Mazy cat was so smart, she picked up on routines really quickly, and this is one of my favorite series of pictures I caught of her. These were taken years ago on our old place. I was in the habit of putting my exercise mat out and doing some stretches every day. Mazy cat, like always, would watch me very closely. One day after I finished I found Mazy cat on it and once she was sure I was watching her this is what she did......


----------



## Bertie'sMum (Mar 27, 2017)

lorilu said:


> Oh my own precious girl. My Mazy cat Lovey cat. I just miss you so much. Over 17 years together, revolving my life around catering to your special needs, I guess I just thought I would be doing it forever.
> 
> I've been through this 8 times, each time you forget how much it hurts until the next.
> 
> ...


Liked for Mazy cat's exercise routine, not for your sorrow.

My old Harrycat was fond of my exercise mat too - but in more of a supervisory position !


----------



## teddylion (Oct 16, 2019)

Oh, that's precious. I love her look at the camera at the end: 'Didn't I do well?'

It's good to have a cry.

RIP lovely Mazy.


----------



## TriTri (Oct 31, 2017)

lorilu said:


> Oh my own precious girl. My Mazy cat Lovey cat. I just miss you so much. Over 17 years together, revolving my life around catering to your special needs, I guess I just thought I would be doing it forever.
> 
> I've been through this 8 times, each time you forget how much it hurts until the next.
> 
> ...


What a clever girl. And then looking up at you as to say well mum, did I do ok? Happy?

It's as though they are angels that we get to just borrow, and then they have to move on and share their wonderful-ness elsewhere. If only they could stay…


----------



## lymorelynn (Oct 4, 2008)

Sending hugs xoxo


----------



## Mrs Funkin (Mar 12, 2018)

Oh Lorilu  I'm so sad for you. I send you positive energy to get through the days - and I hope the pain eases soon.


----------



## TriTri (Oct 31, 2017)

Have you more photos to share @lorilu? 
What a little character… excellent stretches


----------



## Suggie's Mum (Jan 4, 2022)

lorilu said:


> Oh my own precious girl. My Mazy cat Lovey cat. I just miss you so much. Over 17 years together, revolving my life around catering to your special needs, I guess I just thought I would be doing it forever.
> 
> I've been through this 8 times, each time you forget how much it hurts until the next.
> 
> ...


So sorry for your loss.
I know how you feel. I lost my Bunny a few years ago and I still miss him every day more than anyone will ever know.


----------



## Suggie's Mum (Jan 4, 2022)

lorilu said:


> Oh my own precious girl. My Mazy cat Lovey cat. I just miss you so much.

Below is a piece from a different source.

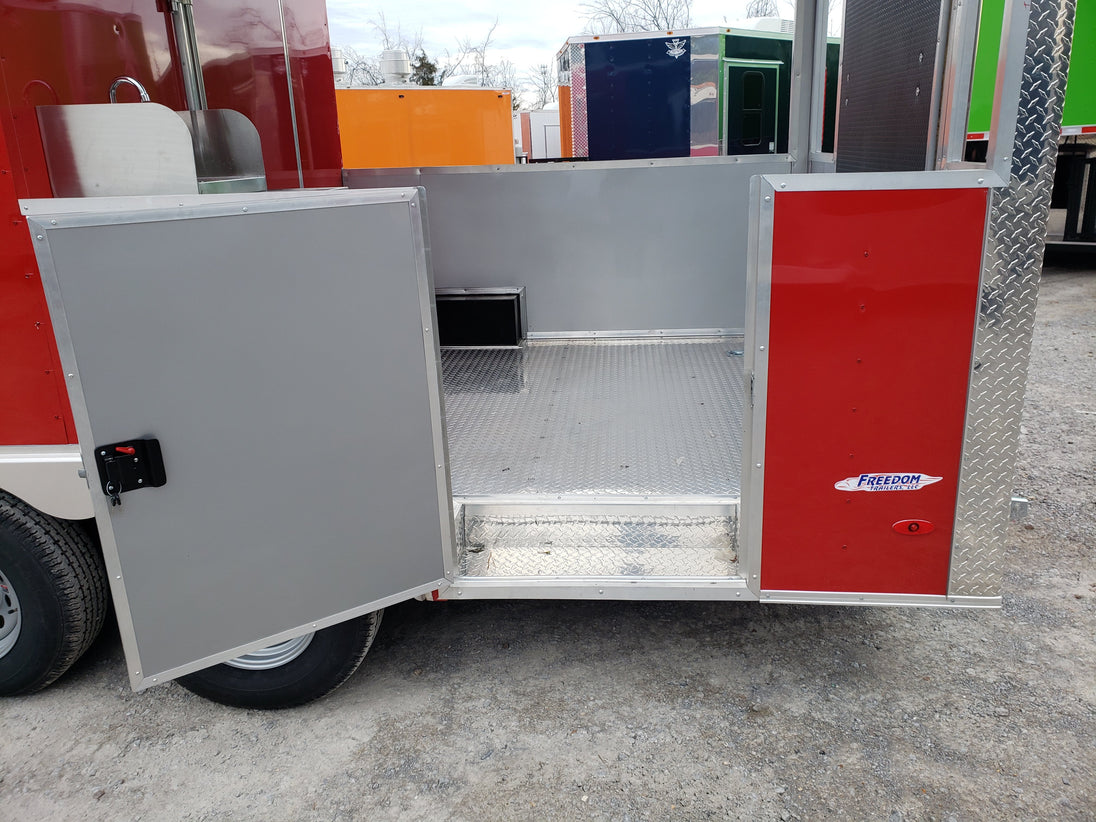 8.5 x 20 Red Porch Style Food Concession Trailer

Over 17 years together, revolving my life around catering to your special needs, I guess I just thought I would be doing it forever.
> 
> I've been through this 8 times, each time you forget how much it hurts until the next.
> 
> ...


Sorry, didn't like for your loss.
I know it probably sounds corny or something but I liked because you still feel the love for her.


----------



## Suggie's Mum (Jan 4, 2022)

Sweet dreams beautiful Mazy.
May you find love and happiness to tie you over until you find your lorilou again X:Kiss


----------



## Suggie's Mum (Jan 4, 2022)

TriTri said:


> What a clever girl. And then looking up at you as to say well mum, did I do ok? Happy?
> 
> It's as though they are angels that we get to just borrow, and then they have to move on and share their wonderful-ness elsewhere. If only they could stay…


Just seen your info and sending warm healing vibes for Max and you every day.
Get better soon :Shy


----------



## Happy Paws2 (Sep 13, 2008)

Sorry for your loss.


----------